Speciale per Africa ExPress
Sandro Pintus
Firenze, 20 novembre 2018
Affrontare un lungo, pericoloso e dispendioso viaggio verso l’Europa è diverso se il migrante è musulmano, cristiano o animista. Eppoi il luogo comune “rimandiamoli a casa loro” non può funzionare.
Lo spiegano Angelo Turco e Laye Camara, guineano, in questa intervista per Africa ExPress sul libro “Immaginari migratori” pubblicato da Franco Angeli editore. Ambedue geografi e docenti all’Università IULM, sono grandi conoscitori del continente africano e delle sue innumerevoli culture e tradizioni.
Perché un libro chiamato “Immaginari migratori” e per quale motivo gli africani vogliono venire in Europa?
Turco: In Europa dell’Africa si sa poco. “Immaginari migratori” è un lavoro per coloro che sono interessati all’Africa, non si accontentano di standard preconfezionati e sono aperti ad altra conoscenza. Prendiamo come esempio la comunità mandinga, un’etnia che vive in un territorio spalmato tra nove Nazioni africane vasto tra otto e dieci milioni di kmq (dieci volte l’Italia ndr).
Una comunità che ha ottocento anni di storia, di tradizioni culturali, di azione politica, di costruzione istituzionale.
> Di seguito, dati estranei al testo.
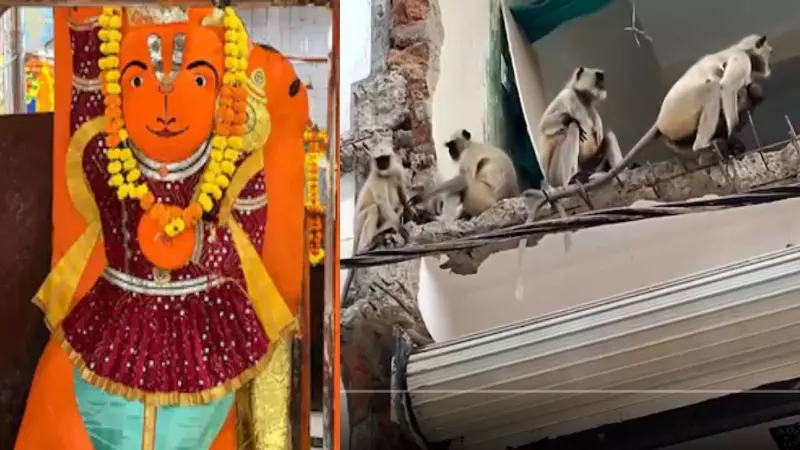 Ujjain Khade Hanuman Ji: पहले टस से मस नहीं हुई मूर्ति, अब पहुंची लंगूरों की टोली; भक्त बोले- बजरंगबली का संकेत!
Quando ci troviamo davanti al concetto di comunità statuale, in Africa siamo davanti ad altri livelli comunitari ugualmente importanti come la comunità familiare e quella religiosa.
Quali sono le differenze tra i migranti africani delle comunità musulmane, cristiane e animiste?
Turco: L’appartenenza religiosa è importante. In alcune aree, come in Senegal, vige una forma di islam sufi basato sulla pratica della santità dove il contatto diretto non è Allah ma esiste un’intermediazione da parte di un santo, il “marabout” che appartiene a una congregazione.
Se ci troviamo davanti a un senegalese bisogna sapere qual è la sua congregazione. Il migrante non farà mai un viaggio senza l’autorizzazione del suo “marabout”. Viceversa farà ogni viaggio e sfiderà ogni pericolo, il deserto, il mare se il suo “marabout” gli darà la benedizione di Dio che gli viene attraverso il santo.
Come fanno i migranti africani a superare sfide e peripezie, i pericoli e le violenze che incontrano durante il viaggio verso l’Europa?
Turco: Davanti a domande tipo: come fanno a sfidare la morte? C’è qualcosa di più alto. La morte non è la fine ma l’ingresso diretto in paradiso perché stai seguendo la via indicata dal “marabout”. Ha la sua benedizione hai i suoi amuleti e tutto andrà al meglio. Se muore ha le porte del paradiso aperte. Tutto ciò è collegato alla vicenda che viene direttamente da Maometto (descritta molto bene dal collega Camara).
L’atto di nascita dell’islam è una migrazione. Maometto è costretto a fuggire dalla sua città e recarsi in un altro posto per poter praticare la sua fede e quindi dare nascita all’Islam, religione piena di simbolismo. Per coloro che partono la migrazione non è un fatto traumatico. È una missione che si può vedere sotto una prospettiva religiosa ma anche da un punto di vista molto importante quello familiare.
Per il migrante cristiano non c’è vincolo, né nel bene né nel male. Il prete e il missionario sono dei punti di riferimento, di aiuto e di consiglio per il viaggio. Queste figure non hanno una parte attiva.
Invece per il migrante animista le cose sono molto più complicate. In questo caso la comunità familiare funziona anche come istanza religiosa dove il mediatore fondamentale è l’antenato e in modo particolare l’antenato deceduto. Il vecchio, oltre che essere la figura riconosciuta come saggio, è la personalità familiare che più si avvicina temporalmente al mondo dei morti.
Quando il migrante ha la benedizione del vecchio ha ottenuto anche l’appoggio della famiglia. Senza questo sostegno il migrante non vale niente e alla famiglia deve rispondere. Se non gli diamo un’alternativa credibile, il luogo comune “rimandiamoli a casa loro” non funziona.
Quel ragazzo partito dall’Africa, dopo anni, fatica e sofferenze, a casa non ci torna nemmeno crocifisso. Ha alle spalle un’istanza comunitaria ed economico-finanziaria alla quale deve rispondere.